2011 年 3 月 8 日 プロデューサー コメント

発売直前のリラックスムードで開催された昨日の浅草秘密基地です。
締め切り直前の先週と比べるといやあ、余裕っすよ。たかが1週間、
されど1週間ですな。カーステレオや次回の編集部チャレンジの話で
盛り上がった夜でした。青森から初参加のOさん、寒い中のご参加、
ありがとうございました。

 

さて、最新号が書店に並ぶまであと3日となった。昨日に引き続き今日も
次号のピーアールをさせてもらいましょう。連載特集である“夢、あふれて
いた俺たちの時代”では昭和60年を特集した。20歳ですな、青春ですな。
バブル前夜の勢いが思い起こされる制作現場であった。

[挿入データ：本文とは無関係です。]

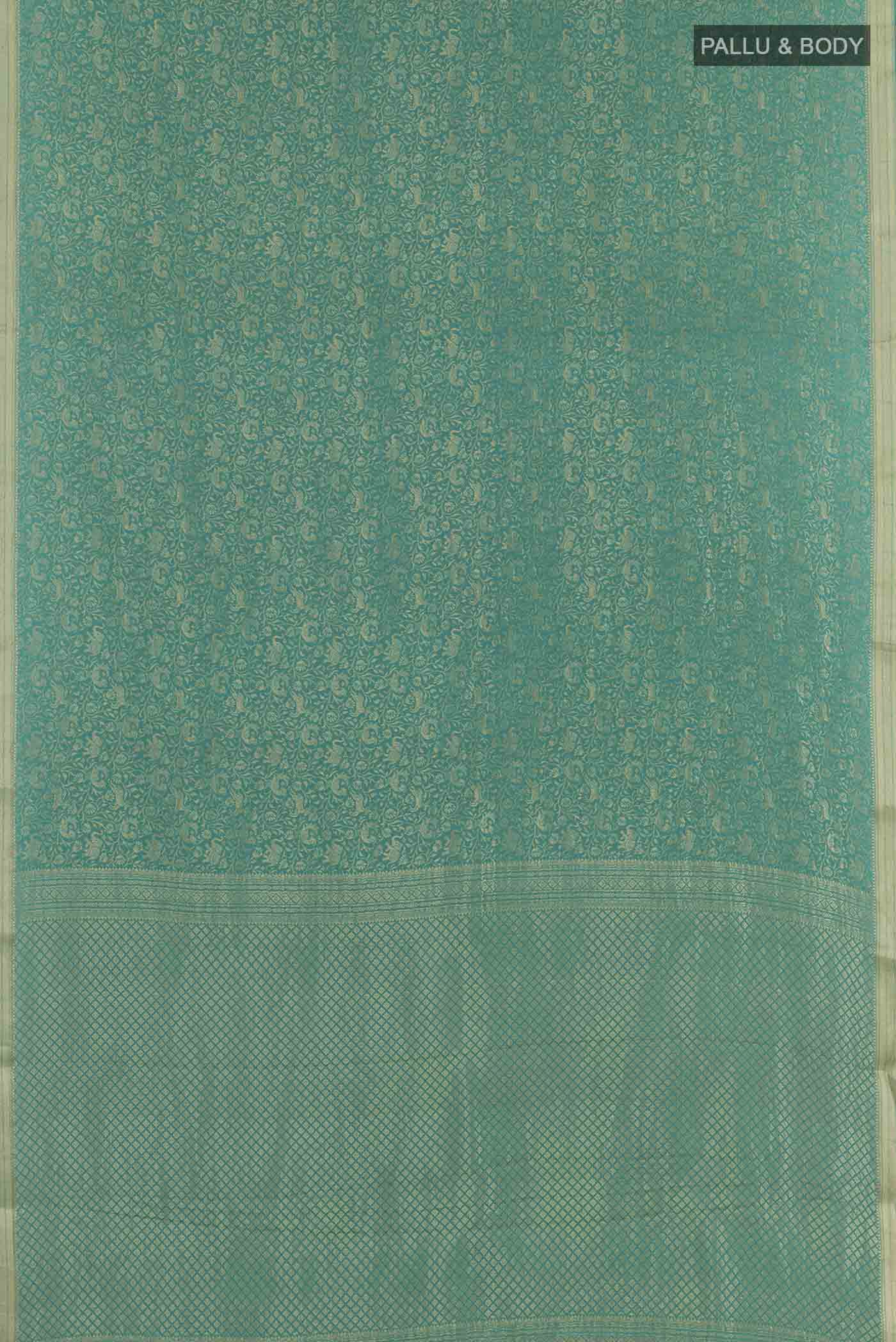 Flat view of Blue Mysore Crepe Saree with Zari Brocade on the body and Zari Border.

今回深く掘り下げて
みたのが、まずDCブランドブームだ。4ページも作った。僕はブルースに
ドップリだったので、騒ぎにはほとんど参加していないですけど、仲間が
10万だ15万だのスーツを買って普段の遊びで着ているのはなんとも
信じがたかった。そんな僕も成人式用のスーツだけはDCものを買った。
そして僕らの味方が、ジャーン、丸井の赤いカードだったね。あのカードが
なかったらDCブランドブームはなかったかもしれない。魔法のごとき
カードからくり出されるローン地獄はそのままバイトの時間を増やした。後先
考えないでとにかく買う。買ってから年月をかけて返すという、現在僕らを
苦しめているサブプライムローンの火種は、元はといえば赤いカードのせい
だ(馬鹿)。しかもあのカード金まで借りられるのだからたまったもんじゃない。
多くの若者が破綻寸前になり、より高利の街金に手を出して自滅していった。
すべての元凶は赤いカードなのじゃー。

 

まあまあ落ち着いて。でもあの頃ローンを組むの緩かったよね。東京お茶の水
の楽器街では毎日のように大量のローンが組まれていった。大概の名前の
ハンコが店にあるというのもスゴイ。記憶では18歳を超えると親の承諾なしで
ローンが組めたから組み放題で、ちょっとのぞいたつもりが運命の出会いと
勘違いしてしまう。そこに大人がたたみかけるのだ。決めセリフは「名前なに?
あっ、だったらハンコあるから持って帰れるよ」また1本、また1本とギターが増えて
いった。なんの話だっけ? まあとにかく勢いのある時代だったね。

 

阪神タイガースやサブカルチャーなんかも掘り下げた。それと雑誌文化のページは、
これも必見です。集英社と平凡出版(現・マガジンハウス)、宝島社の当時の編集長
たちにじっくりと話を聞いて組んだページは、読み応えバッチリ。僕たち雑誌好きだった。
その純真な心に大人たちはこんな風に踏み込んできたのだねと、感心すること間違い
ナシだ。このページからも、時代の勢いを感じるよ。

 

それにしても、僕たちはいい時代を生きてきたね。20歳の頃がこんなに輝いていた
のだから。子供から大人へと登る階段を、いつもいいイメージで登れたんだ。未来は
もっといい時代になる。もっと便利で快適で豊かになる。実際は幻想だったけれど、
多感なあの頃をそうやって過ごせたことが、僕たちの根っこにある元気の源だね。
特集を組んでみてつくづく思った次第だよ。さあ、あと3日でこんなすばらしい本と
出会えますよ。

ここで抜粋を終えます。